6. We have carefully considered the rival submissions. We find that there is great force in the contention of the learned DR. In the case of Mangalore Chemicals and Fertilizers (supra), the issue before the Tribunal was the classification of carbon dioxide in impure form which was sold to another party. The Tribunal has held that semi-finished carbon dioxide is separate goods on which duty is chargeable under T.I. 14H of the Schedule to the erstwhile Tariff. The Tribunal has held that the carbon dioxide was classifiable under that heading irrespective of the percentage of purity.

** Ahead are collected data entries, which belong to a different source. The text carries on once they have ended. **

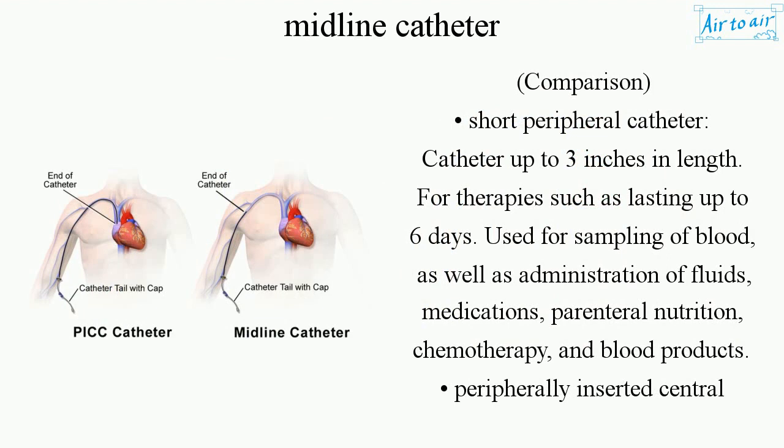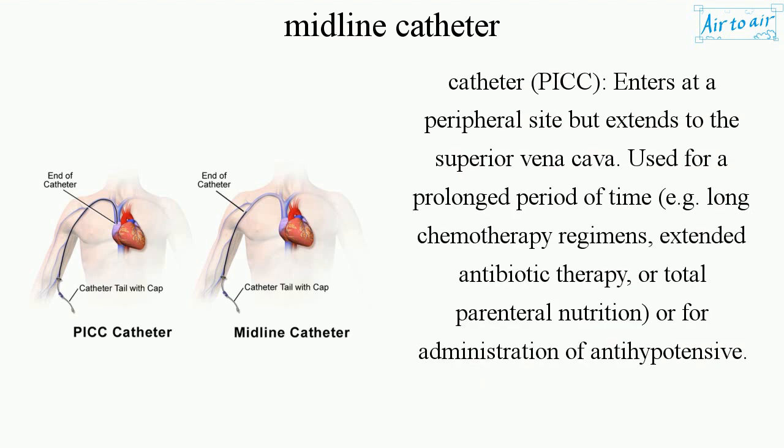Comparison: A short peripheral catheter is up to 3 inches in length, used for therapies lasting up to 6 days, and is used for blood sampling as well as administration of fluids, medications, parenteral nutrition, chemotherapy, and blood products. A peripherally inserted central catheter (PICC) enters at a peripheral site but extends to the superior vena cava, and is used for prolonged periods such as long chemotherapy regimens, extended antibiotic therapy, total parenteral nutrition, or administration of antihypotensives.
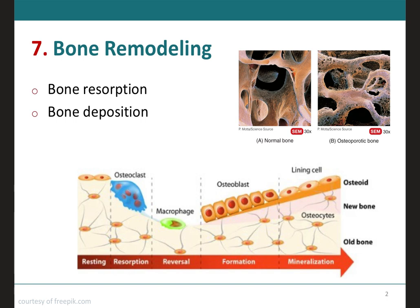It involves bone resorption, which is the removal of minerals and collagen fibers from bone by osteoclasts, and bone deposition, which is the addition of minerals and collagen fibers to bone by osteoblasts. Remember that osteoclasts are the ones that will be chewing the bone, removing the minerals and collagen fibers. Osteoblasts are the ones that build the bone, adding the minerals and collagen fibers. Thus, bone resorption results in the breakdown of bone extracellular matrix and bone deposition results in its formation.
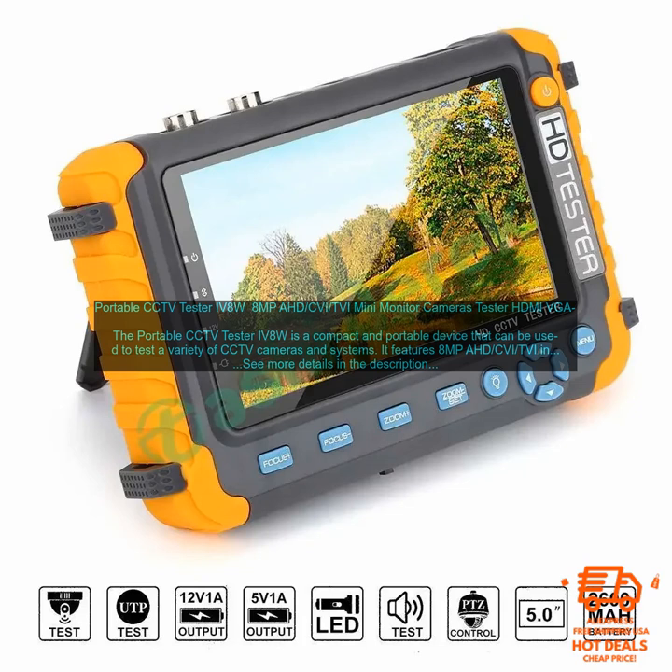The IV8W also has HDMI and VGA inputs, allowing you to connect it to a variety of devices such as monitors, TVs, and projectors. The built-in speaker allows you to hear audio from the CCTV camera that you are testing. The IV8W can measure the video signal strength of your CCTV camera, which can help you troubleshoot problems. Its built-in DVR function allows you to record video from a CCTV camera.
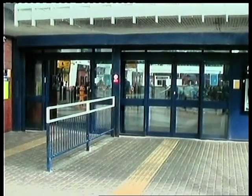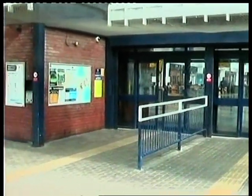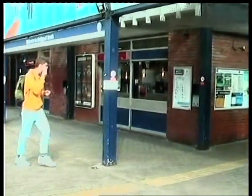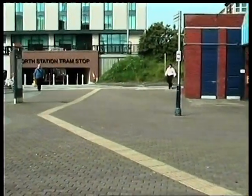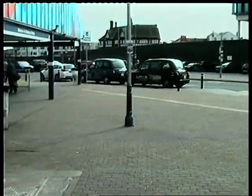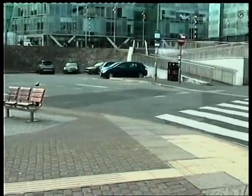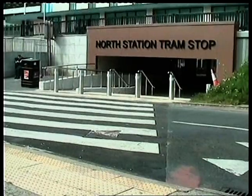Hello everyone, this is Blackpool North railway station. If you travel by train to Blackpool, getting around Blackpool has now become much easier. As you leave Blackpool railway station, you now just walk across the road, under a subway, and you can get a tram to go more or less anywhere in Blackpool.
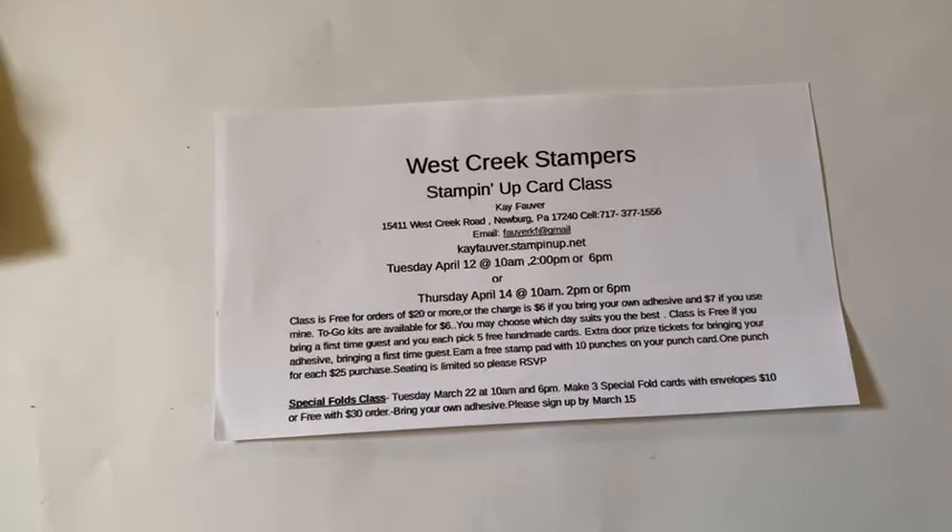The March challenge is still going on — make a green card and post it to the West Creek Stampers. The new ink colors will be coming out with the new catalog. As those of you who have been around know, every new catalog we get new ink colors that are in for two years and then go away. The new ink colors are replacing Cinnamon Cider, Just Jade, Bumblebee, Magenta Madness, and Misty Moonlight.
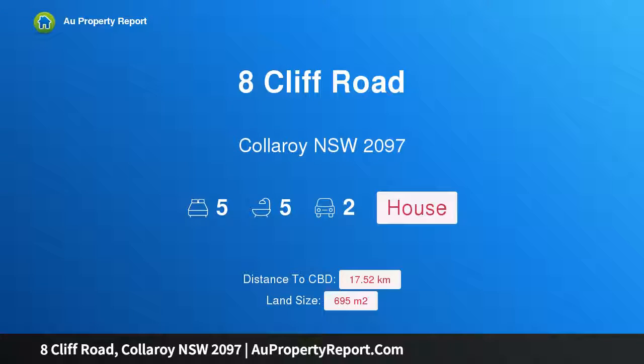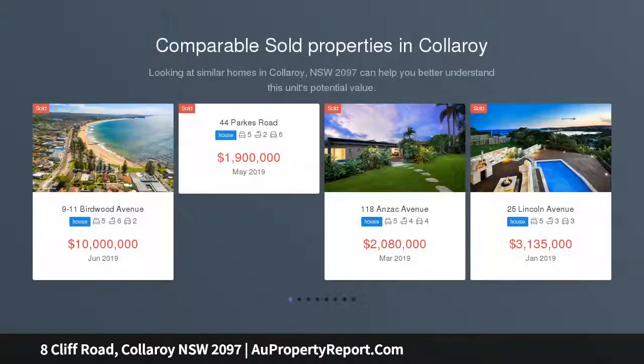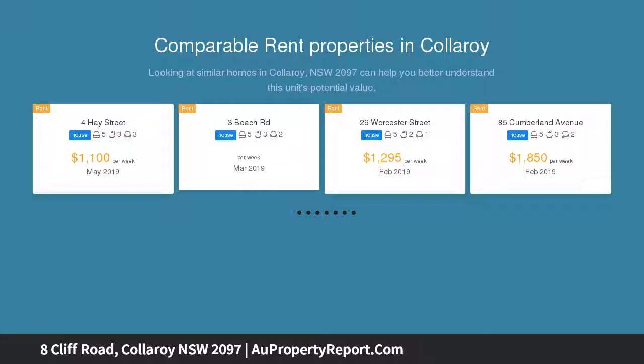Hi, I am glad to introduce property 8 Click Road, Collaroy, New South Wales 2097 — a full brick architectural masterwork in a prime Collaroy Basin setting. The ultimate beach lifestyle, barely a two-minute stroll from Fisherman's Beach and Long Reef Golf Club.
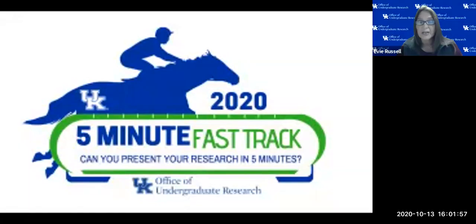Students are challenged to present their research in five minutes using only one static slide to a panel of five judges and a virtual audience. Originally, the Five Minute Fast Track was modeled after the grad school's Three Minute Thesis competition. We designed this competition specifically to build upon the students' communication skills when discussing their undergraduate research with diverse audiences.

On the other hand, the judgment of the Hon'ble Supreme Court proceeds on the basis that the Tribunal should not have ignored the Trade Notice issued in September, 1981 to the effect that CO2 is not conforming to marketable grade as per ISI specification, is classifiable under T.I. 68 of the erstwhile Central Excise Tariff and not under T.I. 14H. The Supreme Court took the view that the Tribunal should not have ignored the Trade Notice of 1981 (No. 83/81) and the Supreme Court has held that the Tribunal also failed to notice that the earlier tariff advice was in force at the time when the proceeding was pending before the Assistant Commissioner and also when the Appellate Collector set aside the order of the Assistant Collector and gave relief to the assessees. The Supreme Court has therefore, set aside the Tribunal's order and restored the order of the Collector (Appeals) based upon the Trade Notice No. 220/81. Para 15 of the Hon'ble Supreme Court which is relevant is reproduced below.

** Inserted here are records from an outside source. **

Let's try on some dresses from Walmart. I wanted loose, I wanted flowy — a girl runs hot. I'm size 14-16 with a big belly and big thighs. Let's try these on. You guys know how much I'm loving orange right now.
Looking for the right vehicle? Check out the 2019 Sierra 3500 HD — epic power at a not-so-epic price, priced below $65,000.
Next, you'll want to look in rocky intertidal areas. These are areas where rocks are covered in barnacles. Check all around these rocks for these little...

"15. One aspect deserves to be noticed in this context. The earlier tariff advice No. 83/81 on the basis of which Trade Notice No. 220/81 was issued by the Collector of Central Excise and Customs is binding on the department. It should be given effect to. There is no material on record to show that this has been rescinded or departed from, and even so, to what extent. Even assuming that the later tariff advice No. 6/85 has taken a different view - about which there is no positive material - the facts point out that the concerned department itself was having considerable doubts about the matter. The position was not free from doubt. It was far from clear. In such a case, where two opinions are possible, the assessee should be given the benefit of doubt and that opinion which is in its favour should be given effect to. In the light of the above, it is unnecessary to adjudicate the Other points involved in the appeal on merits."

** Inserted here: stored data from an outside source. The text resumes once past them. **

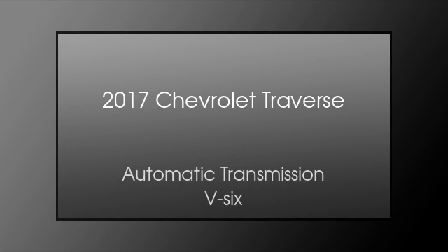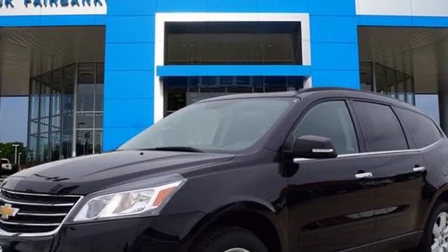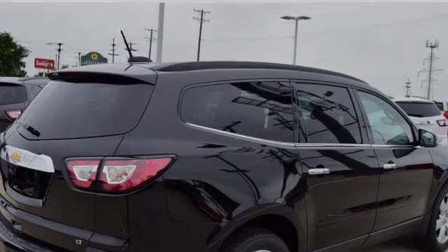This is a 2017 Chevrolet Traverse. This crossover has an automatic transmission and a V6. All of the following features are included.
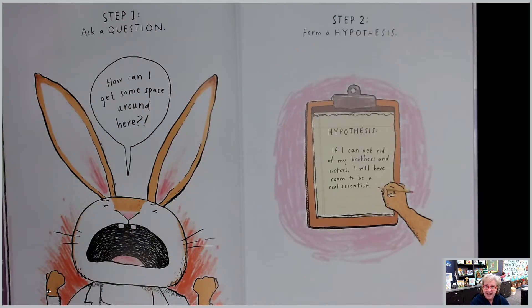Time to use the scientific method. Step one: ask a question. How can I get some space around here? Step two: form a hypothesis. Hypothesis — if I can get rid of my brothers and sisters, I will have room to be a real scientist.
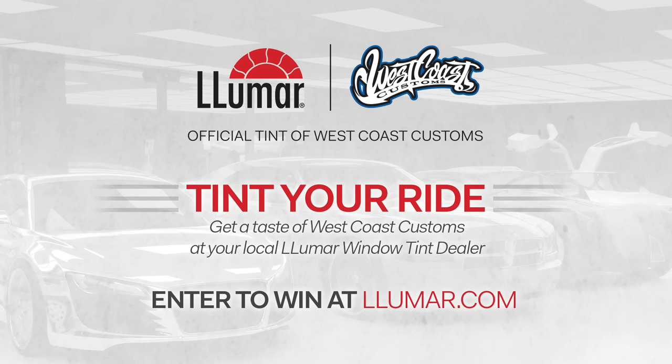Want Lumar window tint on your car? Lumar is giving away a custom window tint job and you could win. Stay tuned for more everyday upgrades from our friends at Lumar and West Coast Customs. And check out Season 3 of West Coast Customs on Fox Sports 2 this fall.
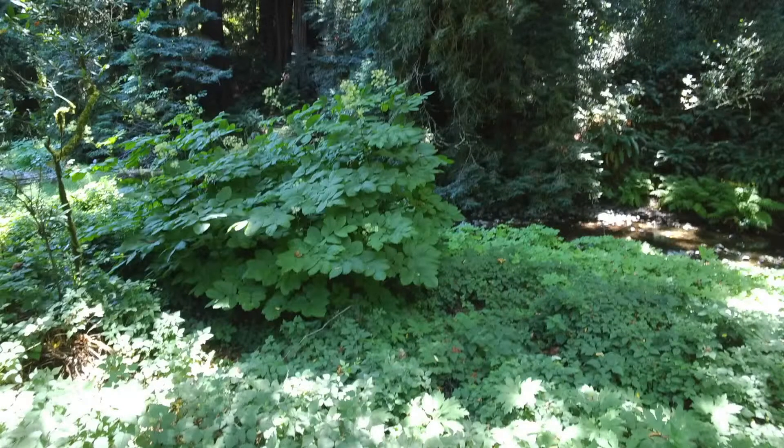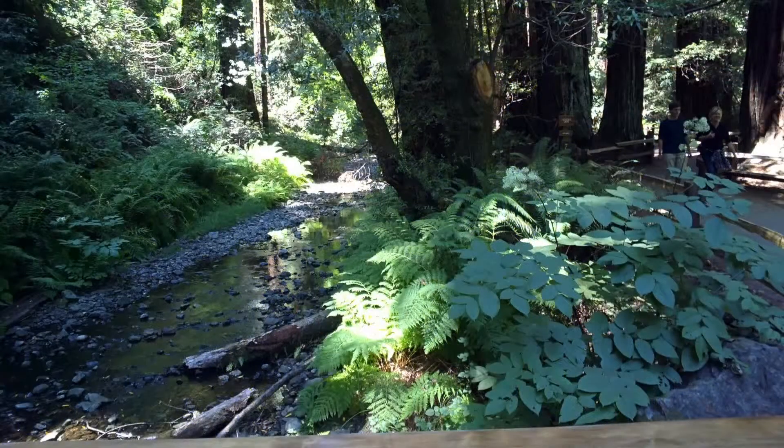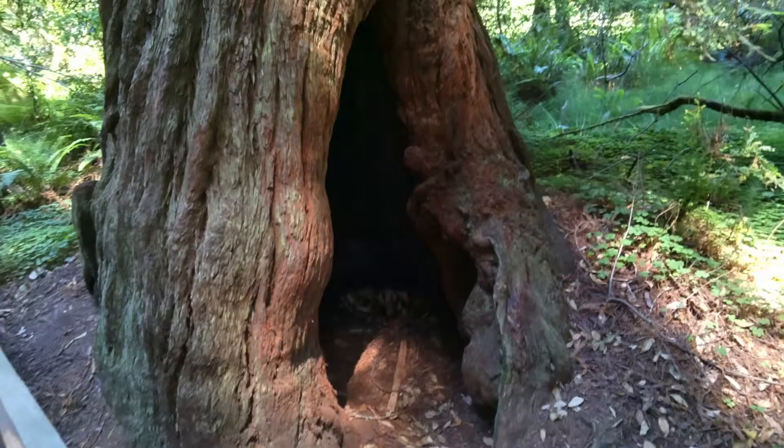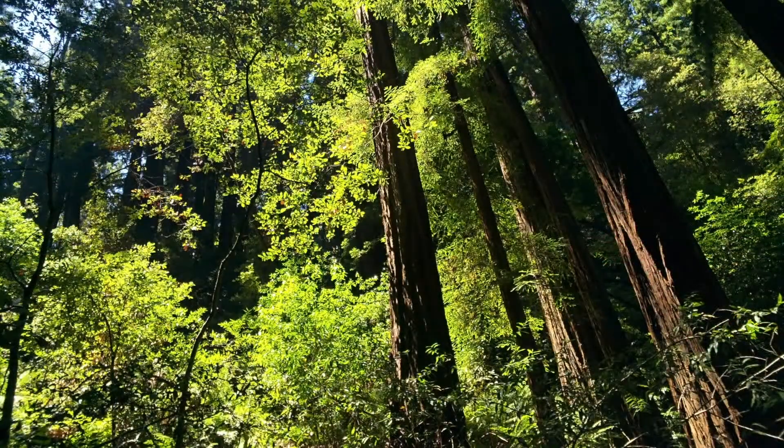Hey guys, Keaton here from TechSmartt. Today we're going to be showing day two of Google Glass on the terrain. We went to Muir Woods in California. It is a beautiful place and there are some of the most rarest trees. There are redwood trees there, so you're going to really get to see the beautiful atmospheres with tons of light, tons of green color, and it's just really a nice way to present nature on Google Glass.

7. From the above, we are of the view that the decision of the Tribunal in the case of Mangalore Chemicals case which is squarely on the issue of classification of impure gas, is directly applicable to the present case and therefore, following the ratio thereof, we hold that the item in question is classifiable under T.I. 14H for the period upto 28-2-1986. For the period subsequent to 1-3-1986, on a query from the Bench, the learned Counsel stated that if the view is taken that the impure gas is excisable, then it would be covered by Tariff Heading 2811.10 of the Schedule to the Central Excise Tariff Advice, 1985 which covers Carbon dioxide.

8. We therefore, see no infirmity in the orders of the Collector holding that the impure gases in question falls for classification under Heading 2811.10 of the Schedule to the Central Excise Tariff Act, 1985 for the period covered by the three appeals namely March to June, 1988, June, 1988 to November, 1988 and September, 1989 to 31st January, 1990. The duty demand is upheld in all the three cases. On a totality of the facts and circumstances of the case, and further having regard to the fact that the appellant is a Government concern, we are of the view that penalty is not warranted and accordingly set aside the penalty in all the three cases. Subject to the above modification, the impugned orders are upheld and the appeals rejected.